Panel Paper: Making Pre-K Count: How Research Data and Measures Supported New York City’s Scale-up of Universal Pre-K

Thursday, November 2, 2017
Soldier Field (Hyatt Regency Chicago)

*Names in bold indicate Presenter

Michelle Maier1, Shira Mattera1, Pamela Morris2 and Anne Kou1, (1)MDRC, (2)New York University


A growing number of locales around the U.S. are expanding access to pre-k, with 42 states spending over $6.2 billion on state-funded pre-k programs (Barnett et al., 2016). New York City is a prominent example. Beginning in 2011, NYC began a set of pre-k reforms: rolling out the Common Core standards in 2011 and establishing pre-k program quality requirements across all sites by consolidating funding streams via the EarlyLearn initiative in 2012. In 2014-2015, the City expanded full-day pre-k from 19,000 to 53,000 slots via Mayor de Blasio’s Pre-K for All initiative (Potter, 2015). Subsequently, the City rolled out professional development tracks to support sites’ program quality, including a math track using the Building Blocks curriculum (Clements & Sarama 2007).

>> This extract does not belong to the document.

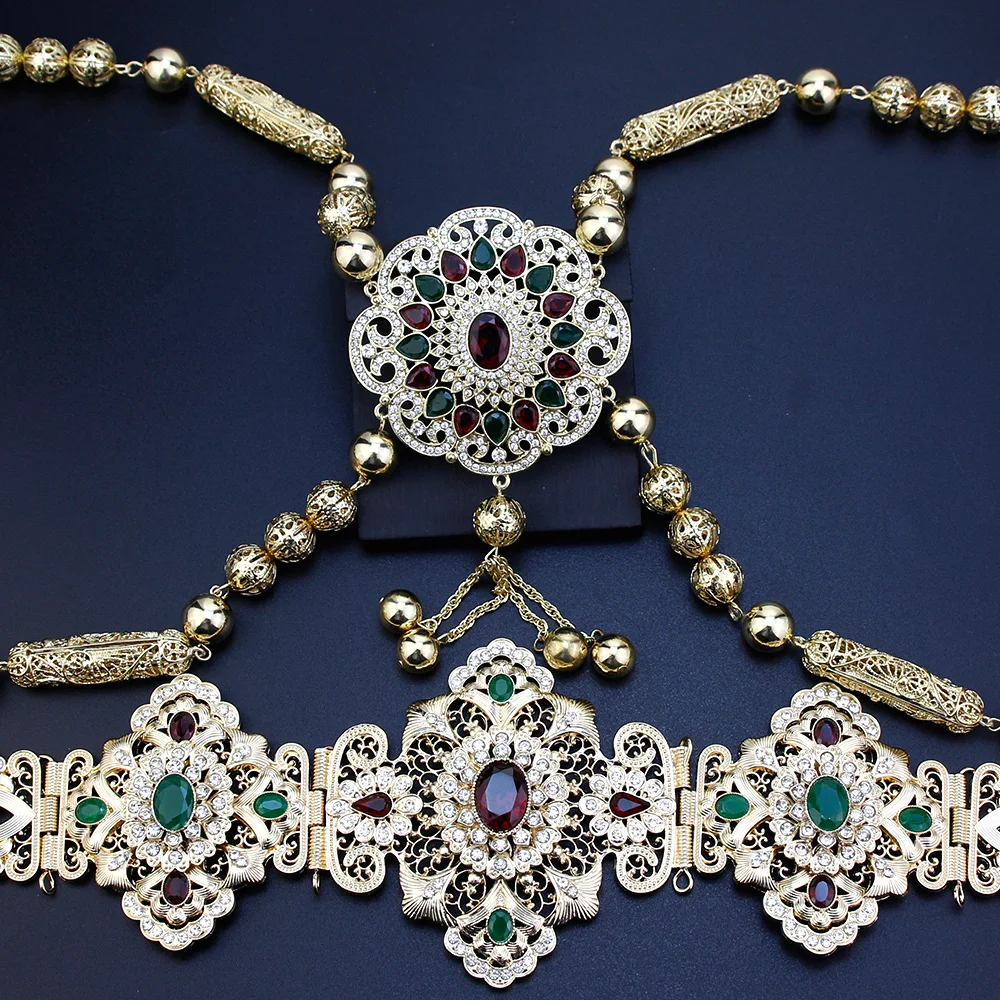 Neovisson-Ensemble de bijoux de corps pour femmes, ceinture de robe indépendante de l'Algérie, initié à la poitrine JOBride, ceinture de caftan marocain, document en or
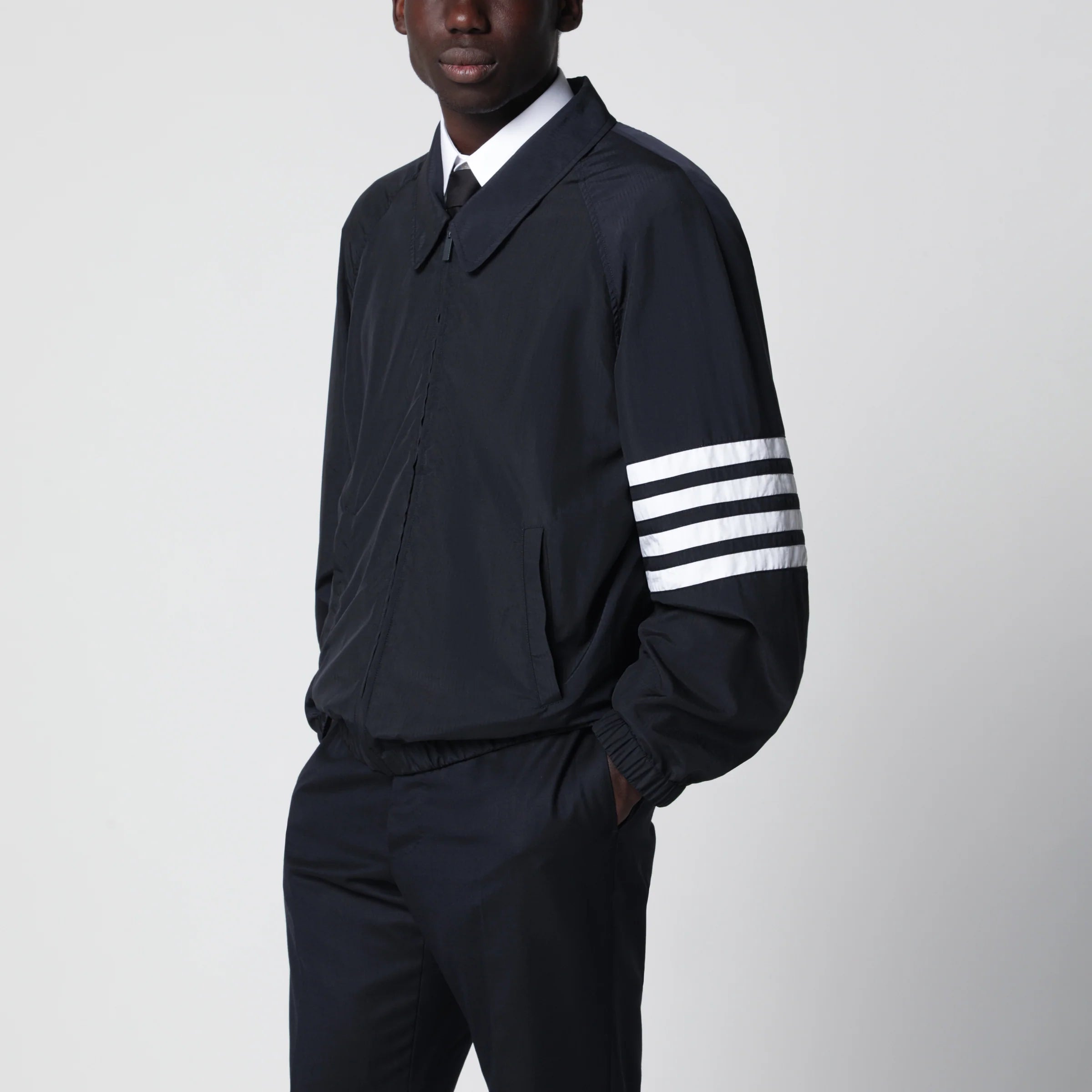 Thom Browne Lightweight navy blue zip-up jacket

Simultaneously (2013-2015), Making Pre-K Count (MPC)—a cluster-randomized controlled trial—was evaluating a large-scale, two-year implementation of the Building Blocks curriculum plus training and coaching in NYC pre-ks. MPC collected extensive data across 173 classrooms on program implementation and teacher math practices across two years and examined impacts on children’s pre-k and elementary school outcomes (Morris, Mattera & Maier, 2016; Mattera & Morris, 2017). MPC data coincide with a time of major change in the NYC pre-k system and provide a case study of how research data can help support and inform large-scale change. In this paper, we will present descriptive data on program fidelity and teacher practices, as well as findings from MPC, and how this information has informed NYC’s pre-k expansion efforts.

MPC closely monitored implementation of coaching and curricular implementation via weekly online logs capturing amount, content, and quality of content delivered. Logs were paired with pre-specified technical assistance benchmarks, allowing coaches and trainers to provide targeted technical assistance in real time. The MPC team shared these extensive logs and lessons learned with NYC’s pre-k team, helping them adapt the fidelity tool to their classrooms and goals.

MPC also collected detailed data about classroom math instruction via an adaptation of the COEMET (Sarama & Clements, 2009). Observers blind to treatment condition documented every instance of math during a three-hour observation. These data were collected on control classrooms in the spring of years 2013, 2014, and 2015, at the same time as many NYC pre-k initiatives were rolled out. Descriptive analyses suggest a jump in the amount of math instruction between 2013 and 2015, with an average of 15.8 minutes of math per three-hour observation in spring 2013 and an average of 22.7 minutes in spring 2015. These changes seem to be more prominent in community-based settings than in public schools. The presentation will provide additional descriptive findings from this math observation in control classrooms experiencing this large-scale change.

MPC data provide a unique opportunity to describe classrooms while pre-k initiatives were being rolled out in NYC during 2013-2015. This presentation will focus on how the richness of these data and their overlap with the City’s pre-k priorities and initiatives can and have helped support and inform the City’s efforts for program monitoring and measure creation.